Boccia player Rachel Ross with Tom Grazier of Lubrizol (left) and Remap volunteer Paul Gillians, who designed the ball rack for her wheelchair.
Boccia player Rachel Ross with Tom Grazier of Lubrizol (left) and Remap volunteer Paul Gillians, who designed the ball rack for her wheelchair.

A boccia player from Eastwood is dreaming of making the Great Britain Paralympic team after a local charity designed a special device to allow her to take part in competitive matches.

Rachel Ross is able to play the sport internationally again after the bespoke invention kept her within the rules.

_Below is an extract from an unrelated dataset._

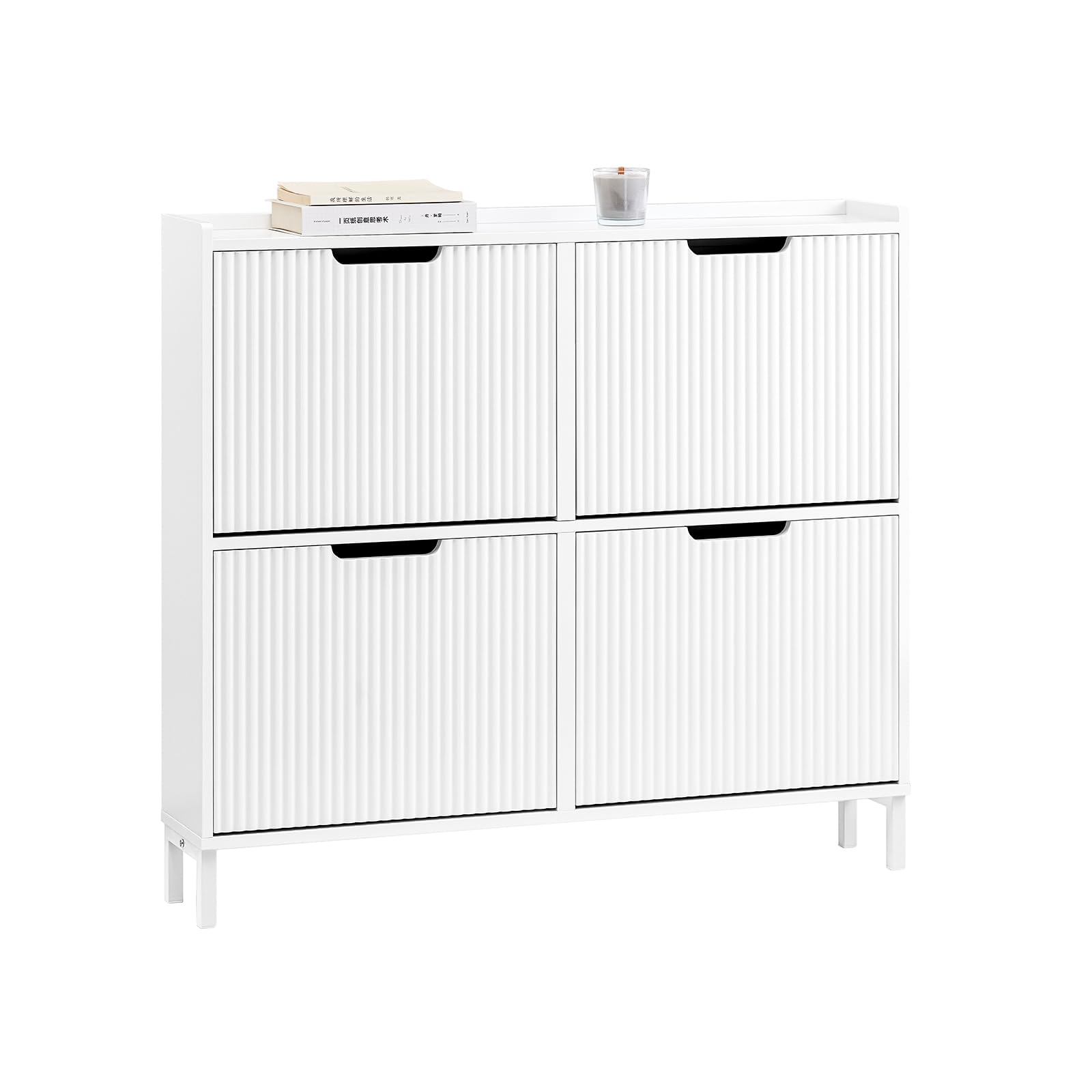 SoBuy Narrow Shoe Rack with 4 Flip Drawers Slim Wooden Shoe Storage Cupboard for Hallway Entrance Foyer or Understairs White W100 x D19 x H91cm FSR177-L-W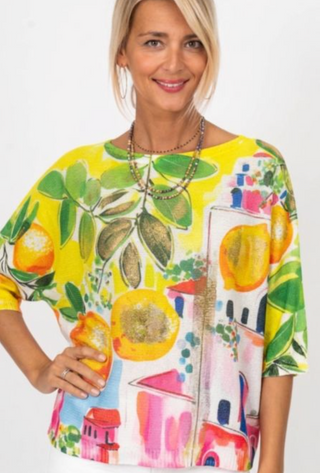 BRIGHT lemon and city swetaer with short sleeves.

Boccia is a sport specially designed for athletes with severe physical difficulties, who compete by rolling leather balls across a court in a bid to get it as close to a smaller ball, called a jack, as possible.

Rachel, who was born with cerebral palsy, plays with Nottinghamshire Boccia Club and trains once a month with Sheffield club the Knights.

She previously represented England at boccia but took a break from the game to concentrate on her university studies.

But when she returned to the game, she faced a problem because her electric wheelchair had nowhere she could store each ball ahead of each throw – and the rules prohibit competitors from being handed balls by an assistant.

So Rachel turned to the Derby, Burton & District branch of Remap, which recruits retired engineers to design and build inventions to help people with physical disabilities live independent lives.

Volunteer Paul Gillians devised a rack made from plastic guttering and wood, which he initially fixed across Rachel’s lap.

However, this affected her posture on each throw, so Paul altered the rack and fitted it the right handle of her wheelchair, making Rachel once again compliant with official boccia rules.

She said: “I hadn’t heard about Remap before but what they have done for me is fantastic.

“I started playing boccia for fun and there is a real social side to it, but I’m hoping to take it more seriously to see if I can represent Great Britain one day.

Paul, from Ripley in Derbyshire, was a chartered mechanical engineer by trade and has worked for Remap for a number of years.

He said: “Rachel’s rack is a very simple device and we had to make a few adjustments, but I am very pleased with the way it has turned out and I’m delighted she can participate fully in boccia again.”

Remap has also just been given a £500 donation from Belper company Lubrizol, which will enable it to create 15 new products over the next 12 months.

Tom Grazier, vice-chairman of Lubrizol’s charities and community committee, said: “We have supported Remap for a number of years and are very proud that our donations help volunteers such as Paul make a difference to people like Rachel.”